Records drawn from a dataset:
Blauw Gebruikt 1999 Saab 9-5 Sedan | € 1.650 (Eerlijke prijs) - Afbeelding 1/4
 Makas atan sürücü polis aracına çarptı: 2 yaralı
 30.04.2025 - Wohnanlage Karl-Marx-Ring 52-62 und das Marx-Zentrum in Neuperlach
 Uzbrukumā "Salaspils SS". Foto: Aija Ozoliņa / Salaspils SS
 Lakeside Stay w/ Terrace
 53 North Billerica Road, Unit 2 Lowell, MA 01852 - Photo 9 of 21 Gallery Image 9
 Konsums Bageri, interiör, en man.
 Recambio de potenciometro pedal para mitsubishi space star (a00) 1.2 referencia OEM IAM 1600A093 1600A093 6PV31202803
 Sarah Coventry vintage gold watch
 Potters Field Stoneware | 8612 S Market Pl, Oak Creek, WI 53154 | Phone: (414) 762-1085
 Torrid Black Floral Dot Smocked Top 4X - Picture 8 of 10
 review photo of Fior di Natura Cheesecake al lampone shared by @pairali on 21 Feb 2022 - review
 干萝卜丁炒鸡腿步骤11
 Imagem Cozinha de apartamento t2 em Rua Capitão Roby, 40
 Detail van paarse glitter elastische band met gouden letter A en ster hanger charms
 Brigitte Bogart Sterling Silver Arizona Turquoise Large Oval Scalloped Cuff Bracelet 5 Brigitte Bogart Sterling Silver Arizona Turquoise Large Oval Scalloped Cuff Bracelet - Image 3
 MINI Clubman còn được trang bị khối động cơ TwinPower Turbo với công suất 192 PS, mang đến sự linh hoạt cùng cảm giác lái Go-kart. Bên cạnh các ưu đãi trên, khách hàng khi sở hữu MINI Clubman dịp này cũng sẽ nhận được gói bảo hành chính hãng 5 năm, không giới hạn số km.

How to complete this task:
In the lines above, every record is to be repeated exactly.

Response area:
Blauw Gebruikt 1999 Saab 9-5 Sedan | € 1.650 (Eerlijke prijs) - Afbeelding 1/4
 Makas atan sürücü polis aracına çarptı: 2 yaralı
 30.04.2025 - Wohnanlage Karl-Marx-Ring 52-62 und das Marx-Zentrum in Neuperlach
 Uzbrukumā "Salaspils SS". Foto: Aija Ozoliņa / Salaspils SS
 Lakeside Stay w/ Terrace
 53 North Billerica Road, Unit 2 Lowell, MA 01852 - Photo 9 of 21 Gallery Image 9
 Konsums Bageri, interiör, en man.
 Recambio de potenciometro pedal para mitsubishi space star (a00) 1.2 referencia OEM IAM 1600A093 1600A093 6PV31202803
 Sarah Coventry vintage gold watch
 Potters Field Stoneware | 8612 S Market Pl, Oak Creek, WI 53154 | Phone: (414) 762-1085
 Torrid Black Floral Dot Smocked Top 4X - Picture 8 of 10
 review photo of Fior di Natura Cheesecake al lampone shared by @pairali on 21 Feb 2022 - review
 干萝卜丁炒鸡腿步骤11
 Imagem Cozinha de apartamento t2 em Rua Capitão Roby, 40
 Detail van paarse glitter elastische band met gouden letter A en ster hanger charms
 Brigitte Bogart Sterling Silver Arizona Turquoise Large Oval Scalloped Cuff Bracelet 5 Brigitte Bogart Sterling Silver Arizona Turquoise Large Oval Scalloped Cuff Bracelet - Image 3
 MINI Clubman còn được trang bị khối động cơ TwinPower Turbo với công suất 192 PS, mang đến sự linh hoạt cùng cảm giác lái Go-kart. Bên cạnh các ưu đãi trên, khách hàng khi sở hữu MINI Clubman dịp này cũng sẽ nhận được gói bảo hành chính hãng 5 năm, không giới hạn số km.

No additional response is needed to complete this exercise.